Sabato pomeriggio Nariman Tamimi ha ripetuto forse per la millesima volta la stessa
risposta, dicendo all'ennesimo giornalista che lei ha fatto la cosa più naturale quando
il 28 agosto è corsa a salvare suo figlio Mohammad di 12 anni dalla stretta di un
soldato dell’esercito israeliano durante la manifestazione nel villaggio di Nabi Saleh
in Cisgiordania. Dire che "è corsa" è eccessivo, poiché zoppicava appoggiandosi alle
stampelle.
Il 21 novembre dello scorso anno un soldato dell’esercito israeliano le aveva sparato,
ferendola alla gamba sinistra, perché stava filmando dei soldati che disperdevano la
settimanale manifestazione nel villaggio. La stessa manifestazione ha segnato il
secondo anniversario della morte di suo fratello, Rushdie, a cui un soldato ha sparato
alla schiena uccidendolo.
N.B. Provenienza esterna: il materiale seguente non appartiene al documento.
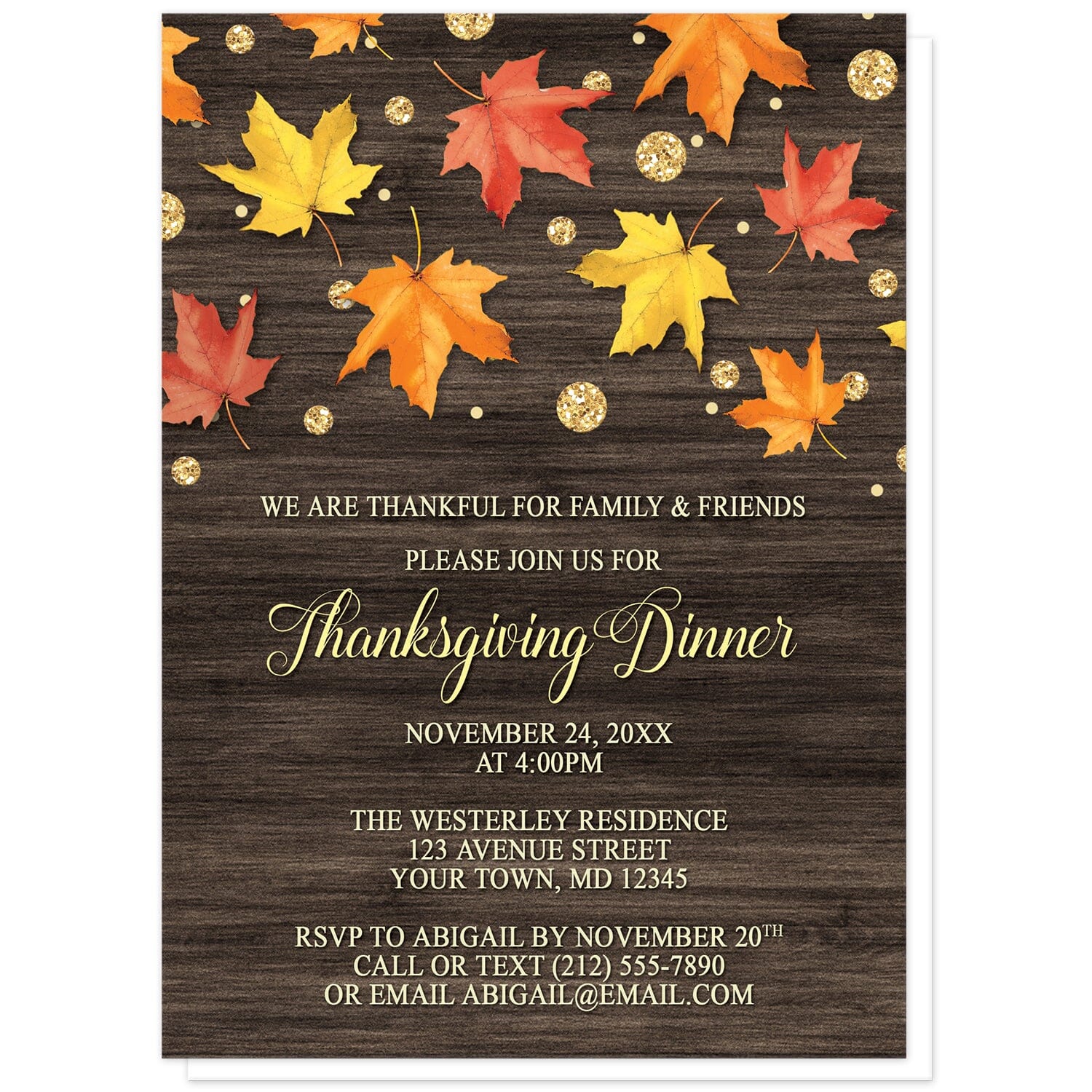 Falling Leaves with Gold Autumn Thanksgiving Invitations at Artistically Invited. Beautiful rustic falling leaves with gold autumn Thanksgiving invitations with red, orange, and yellow leaves scattered and falling along the top, coupled with gold-colored glitter-illustrated circles, over a dark brown wood background. Your personalized Thanksgiving dinner details are custom printed in yellow and a light gold color over the wood background below the pretty leaves.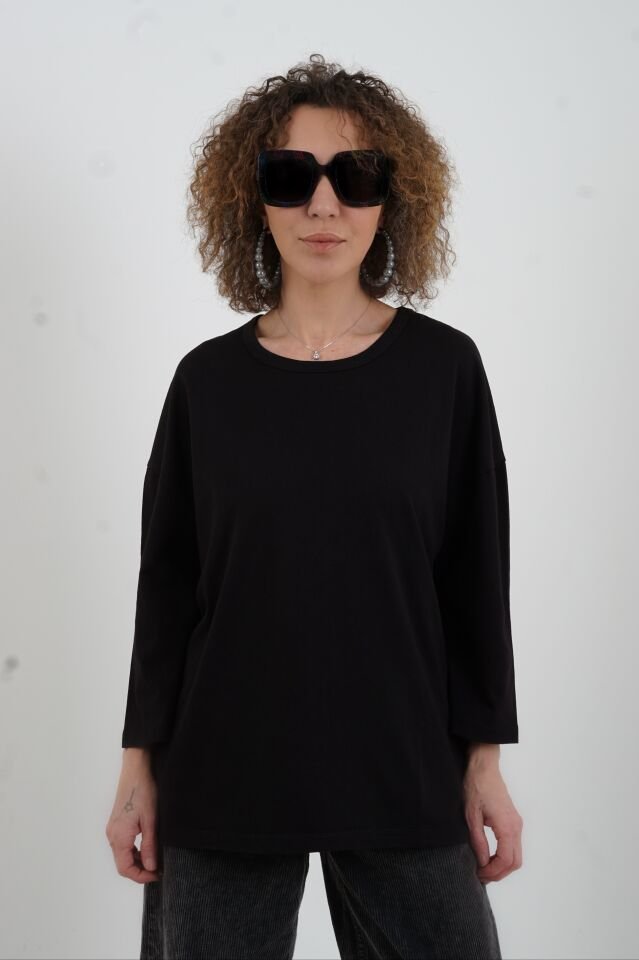 Siyah Bisiklet Yaka Truvakar Kol Tshirt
Un’inchiesta dell’esercito ha rivelato che quel giorno i
soldati spararono circa 80 proiettili, senza che ciò fosse giustificato [da una situazione
di pericolo], per disperdere una protesta nel villaggio.
Quando Nariman ha sentito le grida di suo figlio ed ha cominciato ad arrancare verso
di lui più in fretta che poteva tra le pietre e i cardi, pensava ad una sola cosa: "Che
cosa accadrà al suo braccio rotto?" Il mercoledì precedente delle jeep militari erano
entrate nel villaggio. I più giovani avevano tirato loro delle pietre per protesta, i
soldati avevano sparato gas lacrimogeno e le persone, tra cui Mohammad, che stava
facendo spesa al negozio di alimentari, sono fuggite per via del lancio di
lacrimogeni. Lui era inciampato rompendosi il braccio sinistro.
A causa della sua difficoltà a camminare, Nariman non può partecipare alle
manifestazioni settimanali in cui gli abitanti di Nabi Saleh rivendicano il loro diritto
di ritornare ad utilizzare la loro sorgente di acqua potabile, che i coloni di Halamish
hanno loro sottratto. Lei stava in cima alla collina da dove vedeva la sorgente, la
strada e l’insediamento. Di là stava guardando la manifestazione.
 “Circa 25 persone vi partecipavano, tra cui diversi israeliani ed attivisti della
solidarietà internazionale. I soldati hanno fermato la loro marcia a metà strada, hanno
sparato granate di gas lacrimogeno ed hanno sbarrato il cancello di ferro all’entrata
della strada. Hanno guidato le jeep verso la sorgente, i soldati usciti dai veicoli hanno
cominciato a risalire la collina e di là hanno continuato a tirare lacrimogeni contro i
manifestanti”, ha riferito Bassem Tamimi, marito di Nariman.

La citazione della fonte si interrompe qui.